The International Finance Corporation (IFC) came out in favour of Botnia’s mill last week after months of impact studies and further impact studies. Ence, the Spanish firm responsible for the second of the two mills, pre-empted the announcement by saying it was looking into new locations for its proposed mill. This eases the IFC’s job as much of the criticism from environmentalists had been focused on the cumulative impact of the two mills – i.e. both in their own right might tick all the boxes, but combined they represent a $1.8 billion project that presents all sorts of water and energy use issues. Ence has yet to announce where it plans to move to. Botnia is continuing full-steam ahead. The IFC’s decision also makes it easier for BBVA and Caylon, the private banks helping arrange financing for the projects. Both are members of the Equator Principles. “If it’s good enough for the IFC, it’s good enough for us” is their basic defense.
A law suit filed by Argentina is still pending in the International Court in the Hague, but it seems that the government here in Buenos Aires is now trying to back-peddle. President Kirchner has wrung out as much political mileage as he could from the issue (earlier in the year he travelled to Gualeguaychú, the epicenter of the opposition here, and pronounced that the environment was a “policy of state”). Very cleverly, the President made the head of the main NGO opposing the mills his new Environment Secretary. She is now calling on the protestors not to continue with the blockades. A canny policy of divide and conquer.

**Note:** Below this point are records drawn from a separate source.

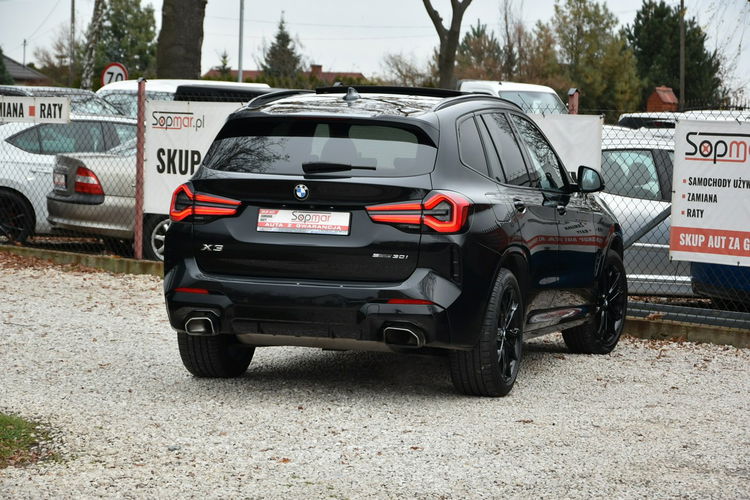 BMW X3 sDrive30i 249KM 2022r. Mpakiet Panorama Kamera 3xklima Skóra zdjęcie 7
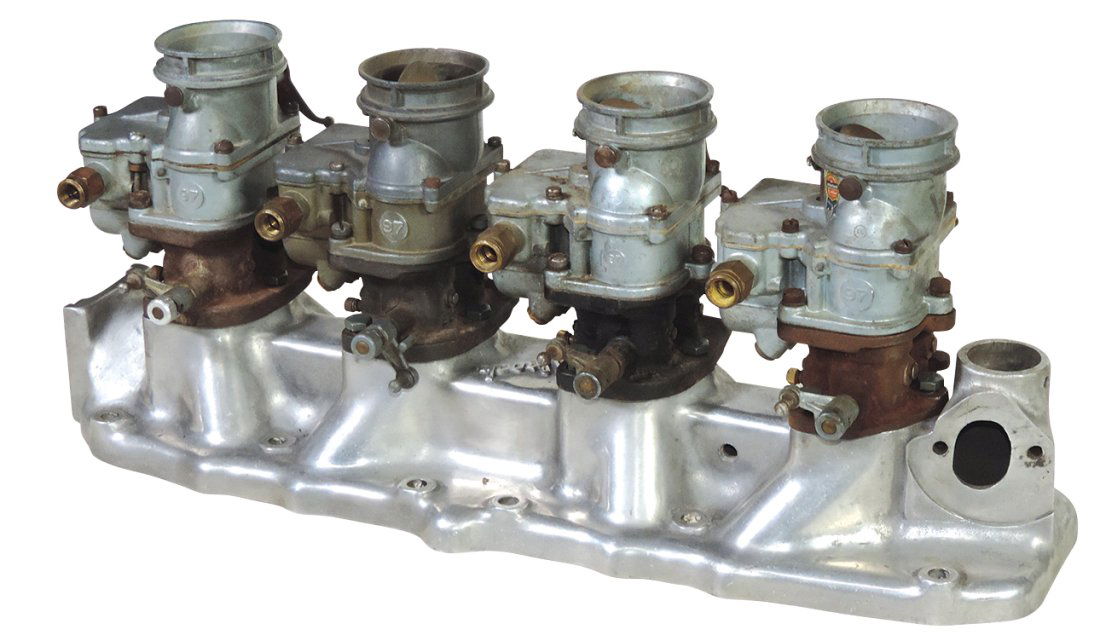 Intake Manifold, Edelbrock, for 193248 Ford Flathead w/4 Stromberg 97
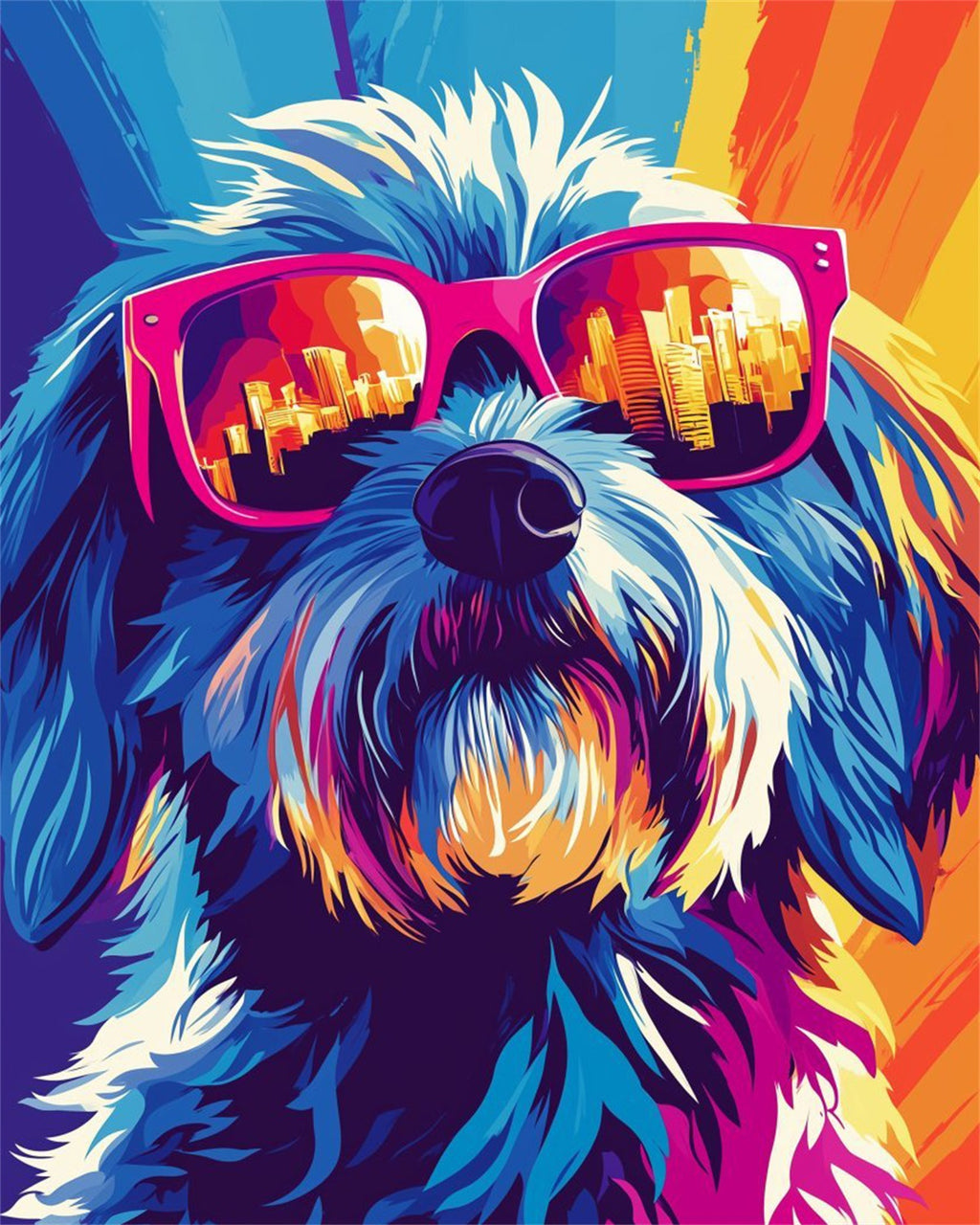 DIAMOND PAINTING I COOLER HUND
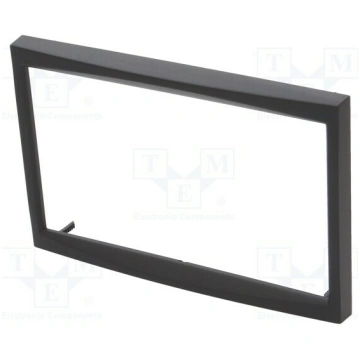 Radio frame; Citroën,Fiat,Peugeot; 2 DIN; black | 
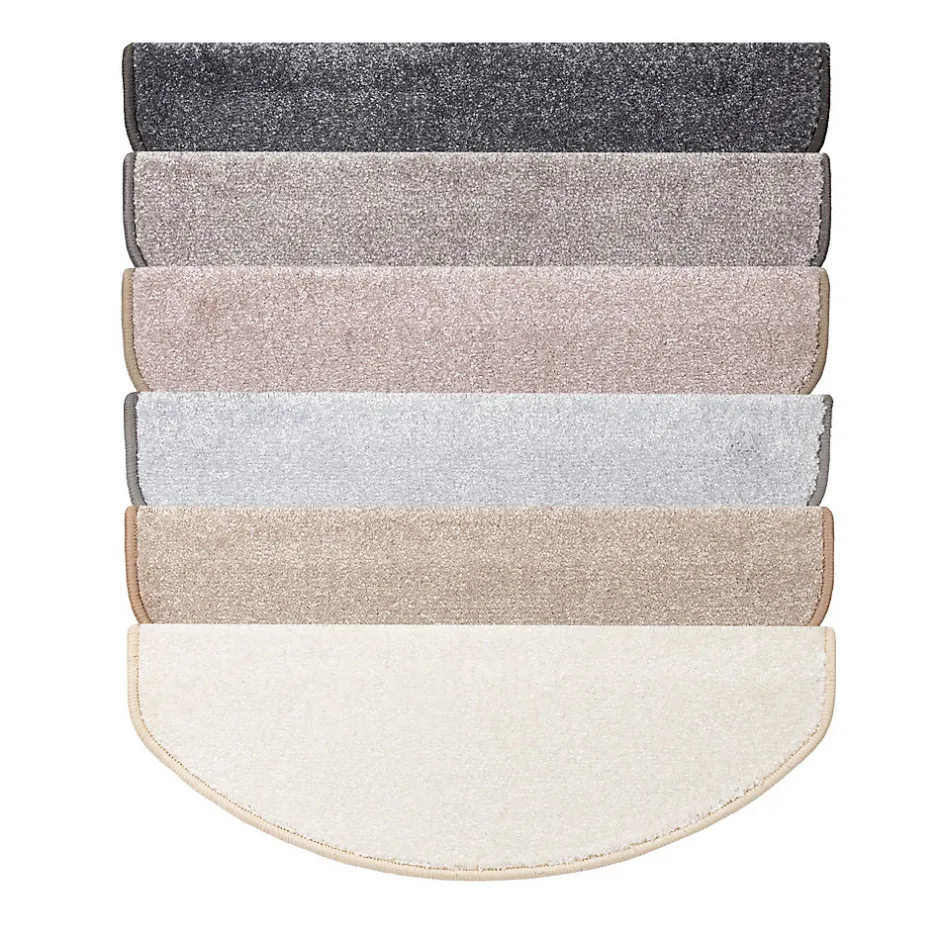 Marchettes d'escalier antidérapantes Sécuriser Vos marches Beige 23,5 x 65 cm Demi-circulaire-Floordirekt Hot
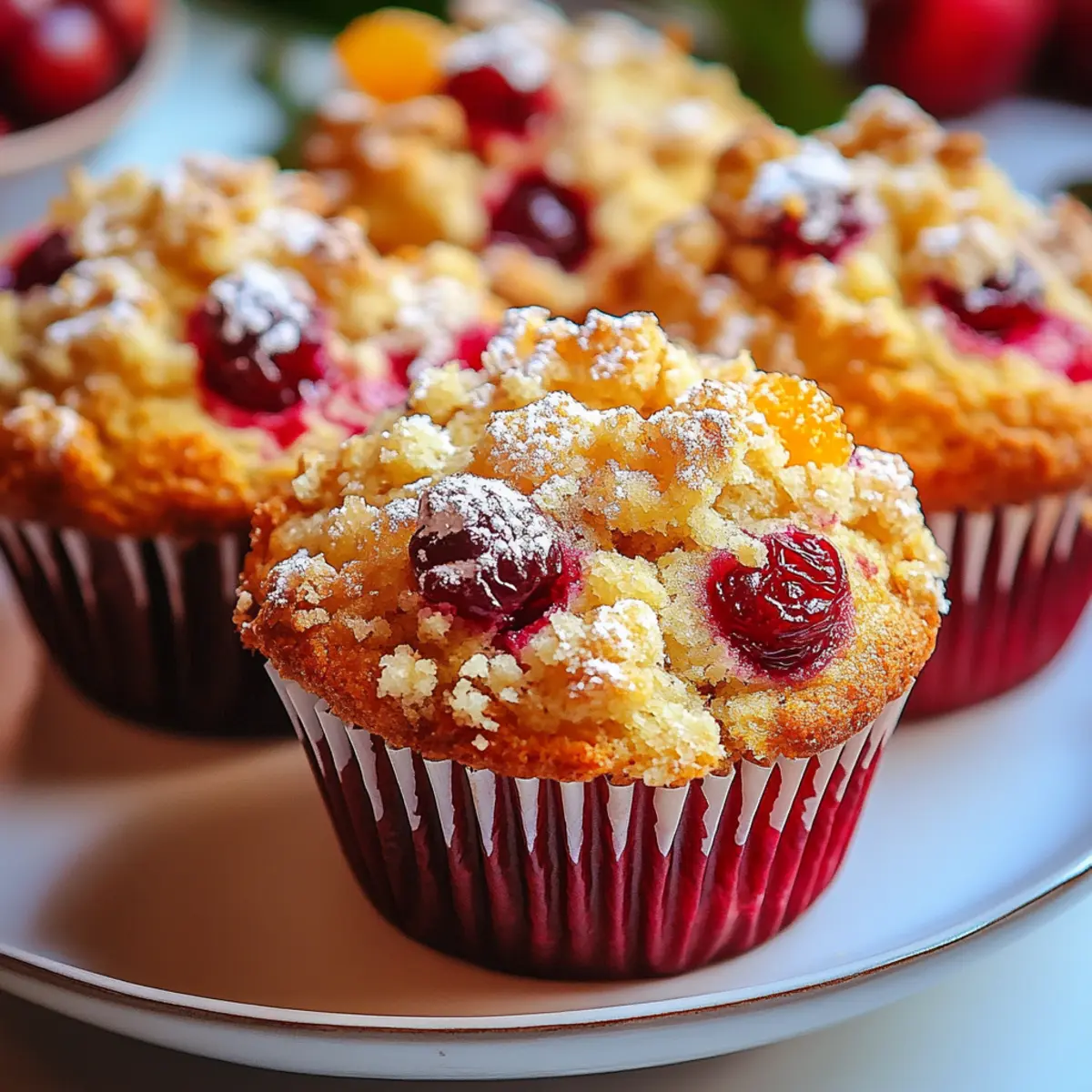 Cranberry Orange Muffins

One good thing coming out of the whole affair is the commitment by the Argentine government to prioritise environmental issues in the future. Cleaning up the Riachuelo, the capital’s stinking river, is now top of the agenda. It is not the first time the government has tried. Under Carlos Menem, the Environment Secretary famously pledged to decontaminate the river in “1000 days”. She ended up going to prison for embezzling state funds. The river still reeks.